The purpose of Armstrong’s testimony is to discuss the appropriateness of retrofitting a unit at Rockport with dry flue gas desulfurization (DFGD) and selective catalytic reduction (SCR) due to new environmental regulations and a 2007 consent decree that AEP worked out last decade with the federal government.
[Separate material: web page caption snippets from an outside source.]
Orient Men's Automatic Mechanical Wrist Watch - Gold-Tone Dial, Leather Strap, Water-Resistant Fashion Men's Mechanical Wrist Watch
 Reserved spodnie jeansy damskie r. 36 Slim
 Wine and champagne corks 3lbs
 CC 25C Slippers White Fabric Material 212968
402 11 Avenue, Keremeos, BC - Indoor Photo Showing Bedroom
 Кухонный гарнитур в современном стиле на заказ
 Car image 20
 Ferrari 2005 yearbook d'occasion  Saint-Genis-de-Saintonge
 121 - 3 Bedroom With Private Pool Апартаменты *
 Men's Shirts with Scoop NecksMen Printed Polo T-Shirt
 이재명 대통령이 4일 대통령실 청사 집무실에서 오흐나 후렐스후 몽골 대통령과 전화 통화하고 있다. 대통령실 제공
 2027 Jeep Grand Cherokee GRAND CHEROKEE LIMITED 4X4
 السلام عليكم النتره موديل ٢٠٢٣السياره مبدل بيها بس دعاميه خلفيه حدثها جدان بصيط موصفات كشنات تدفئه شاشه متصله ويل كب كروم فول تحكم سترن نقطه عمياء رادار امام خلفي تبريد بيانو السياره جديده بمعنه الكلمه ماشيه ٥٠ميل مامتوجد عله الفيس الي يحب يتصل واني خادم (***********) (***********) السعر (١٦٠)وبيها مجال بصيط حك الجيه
I&M is seeking a Certificate of Public Convenience and Necessity (CPCN) for multi-pollutant control projects on either Rockport Unit 1 or 2, also referred to as the Rockport Environmental Project (REP). These projects include a DFGD, an SCR, and modifications to the existing plant to accommodate fuel changes and ash handling. I&M is also seeking cost recovery to track a return on capital, depreciation, and operation and maintenance (O&M) costs of the REP via its Clean Coal Technology Rider rate mechanism.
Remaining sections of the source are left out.